Work instructions:
Below this line is a set of entries; quote exactly the lines from the line that contains "McLean, VA 22102" to the line that contains "Used Wuling Hongguang", both lines included.

Data for this task:
########

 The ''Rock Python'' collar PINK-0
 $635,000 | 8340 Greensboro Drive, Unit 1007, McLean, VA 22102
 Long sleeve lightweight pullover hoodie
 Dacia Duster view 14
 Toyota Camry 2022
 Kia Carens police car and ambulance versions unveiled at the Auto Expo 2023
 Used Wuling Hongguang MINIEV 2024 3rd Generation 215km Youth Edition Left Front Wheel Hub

########

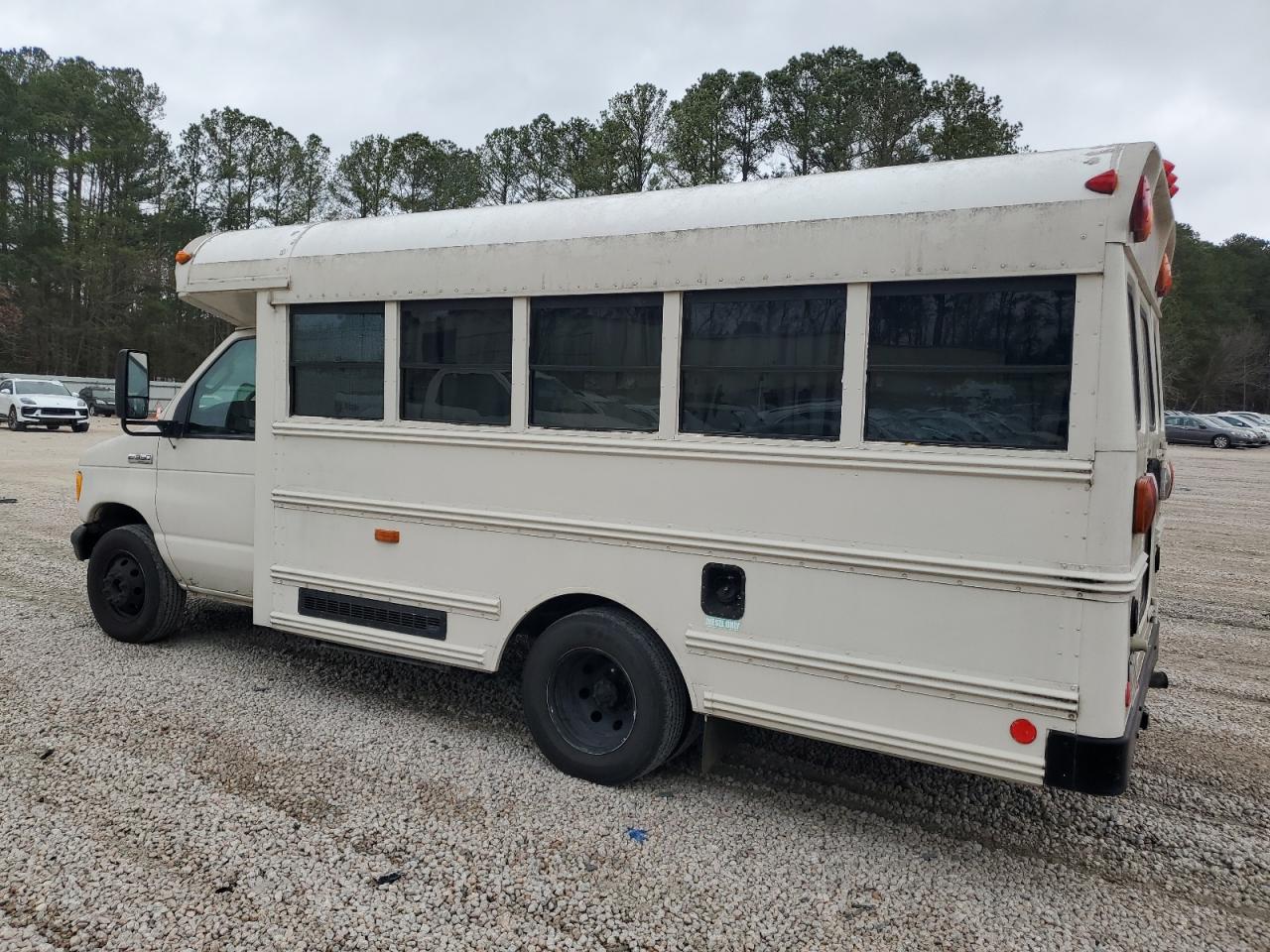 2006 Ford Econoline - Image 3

########

Worked solution:
 $635,000 | 8340 Greensboro Drive, Unit 1007, McLean, VA 22102
 Long sleeve lightweight pullover hoodie
 Dacia Duster view 14
 Toyota Camry 2022
 Kia Carens police car and ambulance versions unveiled at the Auto Expo 2023
 Used Wuling Hongguang MINIEV 2024 3rd Generation 215km Youth Edition Left Front Wheel Hub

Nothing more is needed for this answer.